Caption-style text data:
==================================================
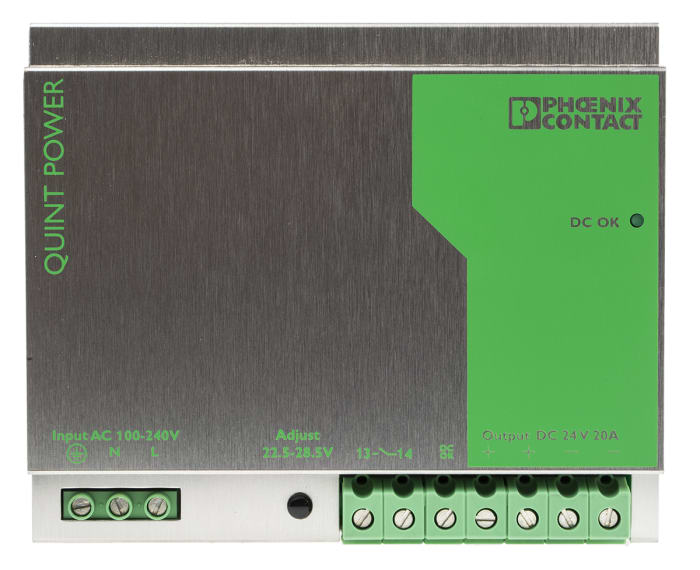 Phoenix Contact QUINT POWER Switch Mode DIN Rail Power Supply, 85 → 264V ac ac Input, 24V dc dc Output, 20A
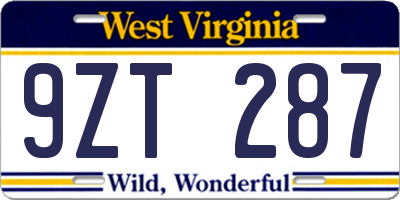 WV license plate 9ZT287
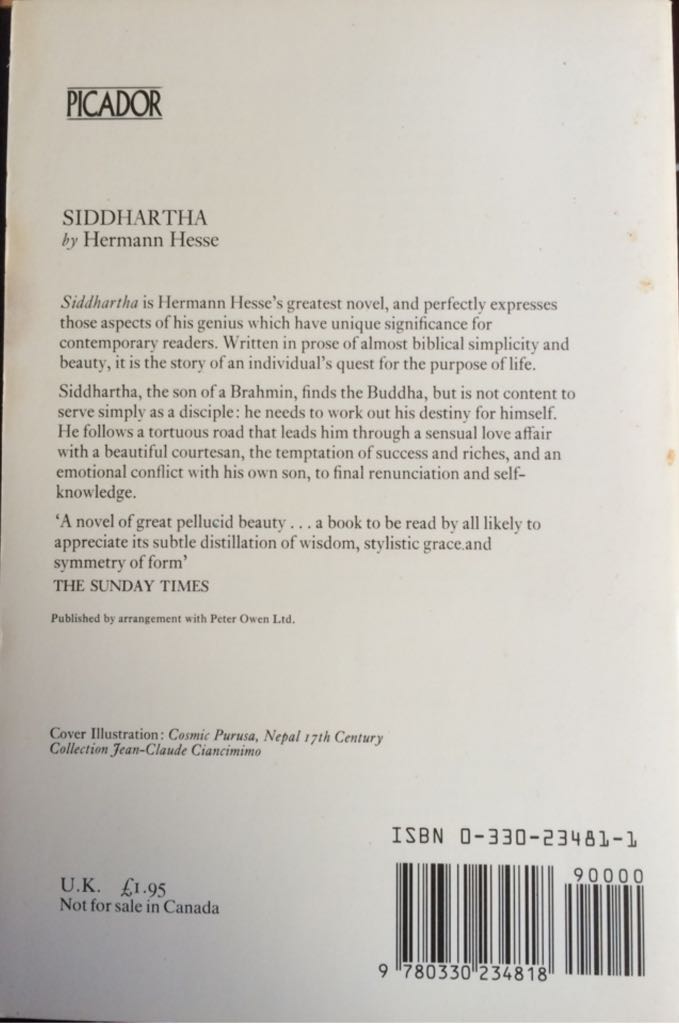 Siddhartha - Hesse, Hermann (Adelphi - Trade Paperback) book collectible [Barcode 9780330234818] - Main Image 2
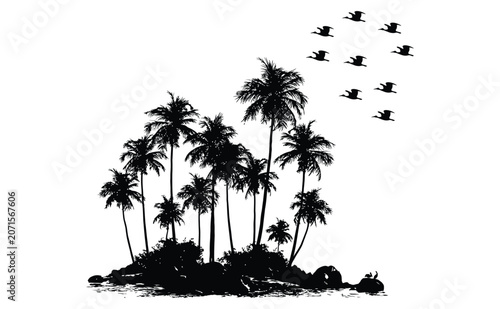 Island palm trees silhouette against sun and flying birds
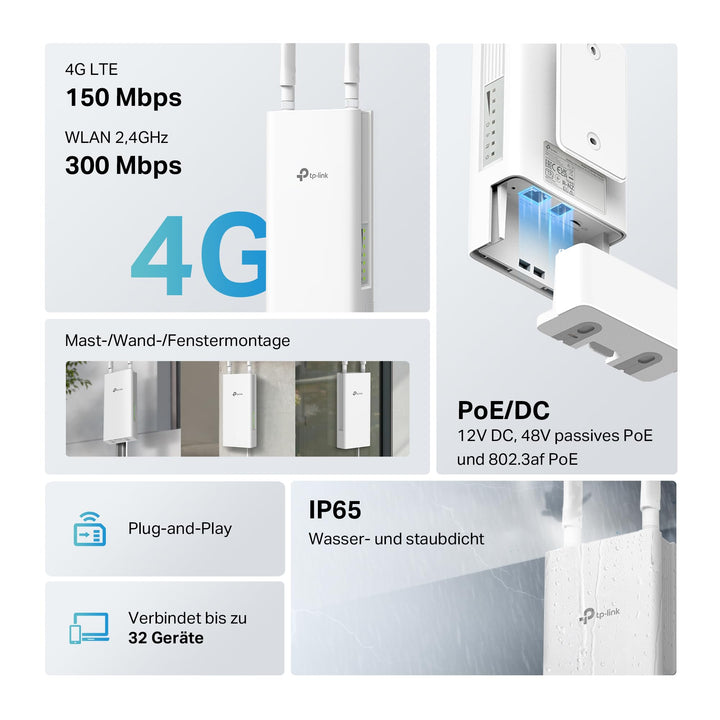 Outdoor 4G LTE Router SIM Karte IP65 PoE 150 Mbit/s WLAN - Bild 2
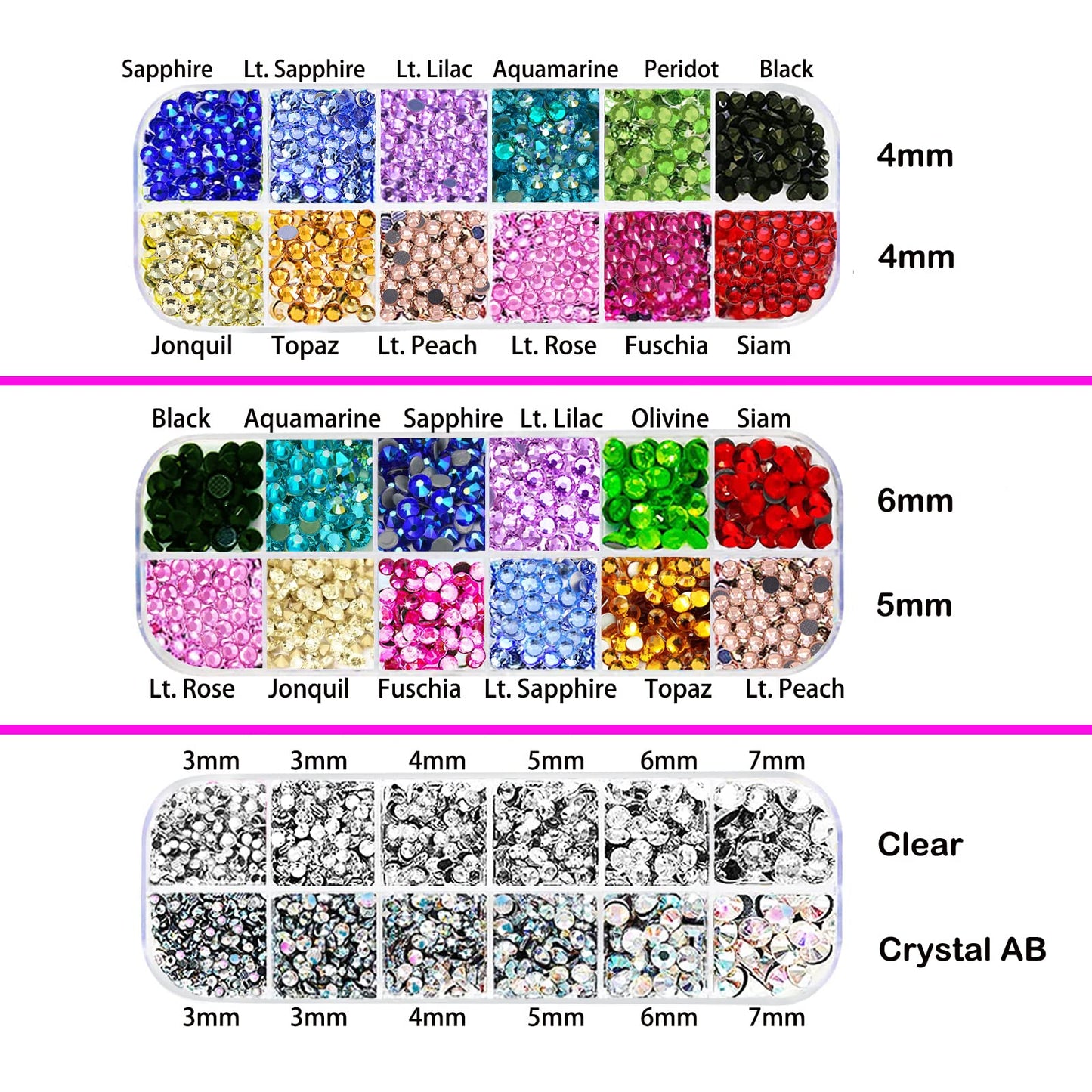 esseelove Bedazzler Kit with Rhinestones, Hotfix Applicator, DIY Hot Fix Rhinestone Setter, Hot Fixed Bedazzling Kit, 3560 Pcs, Crystal AB, Clear, 14 Colors, Tweezers, Gem Picker, Brush, Trays, Bag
==================================================
**ASSIGNMENT**
Only one stretch of the data is wanted: write out exactly the lines from the one holding "Siddhartha - Hesse, Hermann" through the one holding "Outdoor 4G LTE", both included, without the pictures.

**EXERCISE SOLUTION**
 Siddhartha - Hesse, Hermann (Adelphi - Trade Paperback) book collectible [Barcode 9780330234818] - Main Image 2
 Island palm trees silhouette against sun and flying birds
 Outdoor 4G LTE Router SIM Karte IP65 PoE 150 Mbit/s WLAN - Bild 2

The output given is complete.